Gabon : Concours aux grandes écoles, la fabrique de l’illusion républicaine ?

À chaque saison des concours, c’est la même comédie nationale qui se rejoue : des milliers de jeunes Gabonais, armés de leur baccalauréat et d’une folle espérance, se ruent vers les grandes écoles, rêvant d’une ascension sociale par le mérite. Mais derrière cette façade de sélection républicaine, se cache une mécanique brutale, injuste, et souvent cynique, dont l’efficacité réelle comme la finalité sociale interrogent.
Quand la promesse de l’excellence masque un système de rente. Alors que Libreville bruisse encore de l’insouciance des vacances scolaires, une autre agitation plus fébrile monte : celle des concours d’entrée à l’ENA, à l’ENS, à l’IUSO, ou encore à d’autres centres dits « de formation d’excellence ». Des écoles qui, chaque année, n’ouvrent que quelques centaines de places pour plusieurs milliers de candidats. Une compétition impitoyable, que les autorités présentent comme juste, méritocratie, républicaine. En réalité, c’est une fabrique de frustration.
Car derrière la quête légitime de sélection, se dissimule une équation cynique : faire payer à 1 000, 2 000 voire 3 000 candidats des frais d’inscription, alors qu’on sait d’avance que seules quelques dizaines seront retenues. « Une stratégie bien huilée, mais socialement injustifiable », souffle un enseignant d’une grande école sous anonymat. Ce modèle, fondé sur la rareté entretenue, semble surtout destiné à remplir les caisses… et à épuiser la jeunesse.

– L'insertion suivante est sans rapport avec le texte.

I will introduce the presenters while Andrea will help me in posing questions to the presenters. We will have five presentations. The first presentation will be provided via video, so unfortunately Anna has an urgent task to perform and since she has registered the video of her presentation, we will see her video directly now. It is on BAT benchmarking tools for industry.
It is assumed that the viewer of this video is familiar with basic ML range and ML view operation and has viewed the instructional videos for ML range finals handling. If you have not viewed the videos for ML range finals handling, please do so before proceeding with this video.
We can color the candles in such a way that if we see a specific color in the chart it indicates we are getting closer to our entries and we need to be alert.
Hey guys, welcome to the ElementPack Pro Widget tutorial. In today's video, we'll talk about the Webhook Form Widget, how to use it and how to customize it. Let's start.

Une planification déficiente, une orientation absente
Pourquoi continuer à organiser des concours surdimensionnés alors que les capacités d’accueil restent dérisoires ? Pourquoi autoriser autant de candidatures sans filtre, si ce n’est pour perpétuer un système fondé sur l’espoir et le découragement ? La planification fait défaut, mais plus grave encore : l’orientation est absente. Les filières techniques, professionnelles ou intermédiaires sont négligées, alors même qu’elles répondraient aux réalités du marché.
Résultat : tout le monde s’engouffre dans les mêmes filières, croyant à tort que seule l’entrée dans une grande école garantit un avenir. Une vision élitiste et dépassée, qui crée plus de laissés-pour-compte que de talents épanouis. Pour beaucoup de jeunes issus de familles modestes, ces concours deviennent une double peine : coûts financiers lourds, échecs répétés et sentiment d’inutilité.

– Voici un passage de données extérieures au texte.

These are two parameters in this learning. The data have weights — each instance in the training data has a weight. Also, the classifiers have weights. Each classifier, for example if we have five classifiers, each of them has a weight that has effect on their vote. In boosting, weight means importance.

Vers une refonte du modèle ou une perpétuation des inégalités ?
Cette saturation des concours n’est pas seulement inefficace, elle est injuste. Le mythe du mérite est souvent battu en brèche par des pratiques opaques, des suspicions de favoritisme et une méritocratie biaisée. Sans mécanisme d’accompagnement ni transparence réelle, le système finit par broyer les espoirs et miner la confiance des jeunes dans l’institution.
Il est urgent que l’État cesse de brandir les grandes écoles comme seule voie d’excellence. La jeunesse gabonaise mérite une politique éducative diversifiée, équitable, orientée vers les besoins réels du pays. Refonder le système de concours ne doit pas être un tabou. C’est un impératif si l’on veut faire de l’éducation un levier d’égalité, et non une machine à reproduire les privilèges.